The Punctured Bag and the Firehose
Dmitry Orlov on the 2023 Financial Crisis, March 21, 2023 at 11:23
Dmitry Orlov
C l u b O r l o v | ideas to blow your mind
March 21, 2023 at 11:23 | Has readers’ comments | For subscribers only | Here
Few people are able to see through the smoke and grasp the sinister machinations of the Federal Reserve, the US Treasury and their affiliate the European Central Bank. It’s possible to endlessly pour over news articles, faithfully read all of the Fed’s reports and maybe even take night classes in macroeconomics and finance, and still not have much of an intuitive grasp of what’s happening. Statistics don’t so much lie as just sit there and let you stare at them blankly without a clue as to what all of it really means.
And yet once in a while a statistic catches my eye that describes the situation quite eloquently. Here is one: 83% of all the US dollars that now exist in the world have been summoned into existence during just the past 22 months; since May 2021, that is. Four out of every five dollars in existence has been conjured up pretty much yesterday in historical terms.
Did the US, all of the participants in the dollar system, grow 83% richer? No, quite the opposite! The population of the US is rather distressed, with many people either living paycheck to paycheck or failing to make ends meet altogether.

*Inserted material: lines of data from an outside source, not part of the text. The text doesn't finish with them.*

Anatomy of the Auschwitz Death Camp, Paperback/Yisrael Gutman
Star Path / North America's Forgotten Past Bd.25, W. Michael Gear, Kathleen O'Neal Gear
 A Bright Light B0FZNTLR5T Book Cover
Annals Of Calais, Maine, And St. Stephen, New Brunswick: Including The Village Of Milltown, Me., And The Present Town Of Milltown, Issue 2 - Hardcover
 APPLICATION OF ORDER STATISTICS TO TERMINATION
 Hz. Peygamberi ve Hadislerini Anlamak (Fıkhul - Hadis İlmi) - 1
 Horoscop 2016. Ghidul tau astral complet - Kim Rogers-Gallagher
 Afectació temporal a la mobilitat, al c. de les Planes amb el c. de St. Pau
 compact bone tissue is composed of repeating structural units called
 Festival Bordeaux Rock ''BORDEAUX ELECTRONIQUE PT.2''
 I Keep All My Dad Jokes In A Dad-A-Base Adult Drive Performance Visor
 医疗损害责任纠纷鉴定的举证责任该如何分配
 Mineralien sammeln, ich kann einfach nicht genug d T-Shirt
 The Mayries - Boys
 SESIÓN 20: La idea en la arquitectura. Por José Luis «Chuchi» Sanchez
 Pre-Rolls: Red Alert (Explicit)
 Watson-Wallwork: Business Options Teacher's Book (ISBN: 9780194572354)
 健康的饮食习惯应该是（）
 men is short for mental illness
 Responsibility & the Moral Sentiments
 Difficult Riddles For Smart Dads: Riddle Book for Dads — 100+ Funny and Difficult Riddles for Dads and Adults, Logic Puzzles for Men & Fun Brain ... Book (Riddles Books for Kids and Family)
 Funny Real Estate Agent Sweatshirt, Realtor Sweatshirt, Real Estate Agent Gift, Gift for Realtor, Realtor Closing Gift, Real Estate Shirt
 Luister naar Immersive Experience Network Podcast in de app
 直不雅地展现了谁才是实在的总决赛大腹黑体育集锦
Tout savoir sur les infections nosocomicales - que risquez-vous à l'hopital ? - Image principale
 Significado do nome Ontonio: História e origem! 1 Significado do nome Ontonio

Other Western countries are in even sadder shape, with protests and riots erupting here and there and everywhere.
Was there 400% inflation, forcing the monetary authorities to issue new cash just to cover all of their member governments’ various obligations that are, in some way, indexed to inflation? No, in all of the West inflation is still well under 20%, with Poland, at 18.4% getting close.
With so much loose cash sloshing around, are bankers chasing their clients down the street and attempting to stuff their pockets full of money just to get rid of the stuff? No, in fact, there is a severe liquidity problem — so severe that recently the Fed had to inject $300 billion of new liquidity into the banking system in a single week just to stabilize things for the time being.